PySpark

Intro

  • PySpark is a great pythonic ways of accessing spark dataframes (written in Scala) and manipulating them. It makes it easy to switch back to familiar python tools such as matplotlib and pandas when all the heavy lifting (working with really large data) is done.

  • The spark dataframe is the core object of interest in pyspark, and is similar to a pandas dataframe in some aspects. A key difference, as pointed out earlier is that all operations on the dataframe are not executed until it is really needed.

Basics of PySpark

  • Create a new notebook using the Workspace tab on the left (followed by Users -> your account email)

nb01

  • Give a name to the notebook.

nb02

  • You will find a familiar Jupyter notebook interface that you have seen on your local machine or on website such as colab.research.google.com.

nb03

  • We will now access the data we stored in S3. In particular we will use the following snippet.
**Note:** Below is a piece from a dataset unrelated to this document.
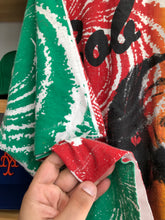 Load image into Gallery viewer, Vintage Bob Marley Tie Dye Tee Size Large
    AWS_ACCESS_KEY = "AABB"
    AWS_SECRET_KEY = "CCDD"
    sc._jsc.hadoopConfiguration().set("fs.s3n.awsAccessKeyId", AWS_ACCESS_KEY)
    sc._jsc.hadoopConfiguration().set("fs.s3n.awsSecretAccessKey", AWS_SECRET_KEY)
    

nb04

  • Reading from S3 can be achieved by the following snippet:

    df = spark.read.csv("s3://databricks-recsys/u.data",header=True, sep="\t",inferSchema = True)
    display(df)
    

nb05

  • In the screenshot above, display() works similar to pandas .head(). Databricks provides some functionality to plot the output right there as well.

  • Below are two example plots for our dataframe (recommendation system dataset)

plot1

plot2

  • Note that the dataframe is not really holding all the data yet. Only when display() or .show() or .collect() are applied would the query actually take place.

  • In the above example, we read the data as a csv. In addition to csv, spark supports reading from databases as well as from file formats such as parquet (which is a popular storage format in the Spark ecosystem). Many other formats are supported, and its useful to go through the documentation here.

  • Lets write our data to the parquet format and then read it back again. As can be seen from this page, the read/write operations can be achieved in a straightforward manner.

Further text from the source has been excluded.